RuntimeAppend in Pg_pathman: Achievements and New Challenges
Dealing with partitioned tables we can’t always select relevant partitions
during query planning. Naturally, during query planning you can’t know values
which come from subquery or outer part of nested loop join. Nevertheless, it
would be ridiculous to scan all the partitions in such cases.
This is why my Postgres Professional colleague Dmitry Ivanov developed a
new custom executor node for pg_pathman: RuntimeAppend. This node behaves
like regular Append node: it contains set of children Nodes which should be
appended. However, RuntimeAppend have one distinction: each run it selects
only relevant children to append basing on parameter values.
Let’s consider example: join of journal table which contains row per each
30 seconds of year partitioned by day, and q table which refers 1000 random
rows of journal table. Without RuntimeAppend optimizer selects Hash Join
The Hash Join execution takes 256 milliseconds for execution and 29 milliseconds
for planning. Relatively high planning time is expected because all the
partitions are present in plan. It’s surprising that optimizer didn’t select
Nested Loop join. Let’s force it to do so by enable_hashjoin = off and
enable_mergejoin = off.
The Nested Loop join with RuntimeAppend takes only about 9 milliseconds
to execute! Such fast execution is possible thanks to RuntimeAppend scans only
one relevant partition of journal for each row of q.
Nevertheless, all the partitions are present in plan and planning time is still
quite high. This relatively high planning time could be not so significant
for prepared statements or long OLAP queries.
However, long planning time appears to be not the only problem. We run a
benchmark when RuntimeAppend node returns just a few rows in prepared statement.
Despite high planning time doesn’t affect prepared statements, TPS was few
time slower than it was without partitioning. After running perf, we got this
flamegraph. This flamegraph shows that
we spend very significant time for locking and unlocking every partition.
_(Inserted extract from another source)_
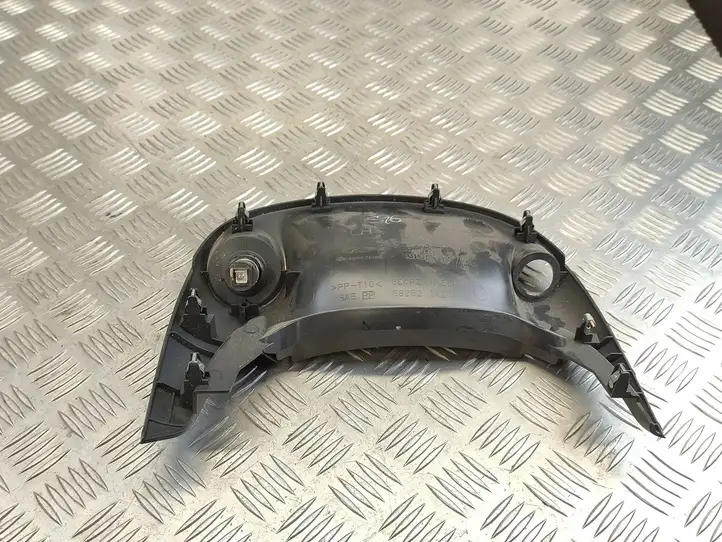 Nissan Juke I F15 (2010 - 2018) 681PZ1KZ0A Прочие детали панели — фото 3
Naturally, locking 365 partitions isn’t using fast-path locking and appears to
be significant overhead.
Thus, we see how huge benefit could runtime partition selection have. However,
in current design having all the partitions in plan cause high overhead.
Solution could be found in redesigning partition locking. We are researching
this problem now. It’s likely this problem can’t be solved in the boundaries
of extension and proper solution requires hacking of PostgreSQL core.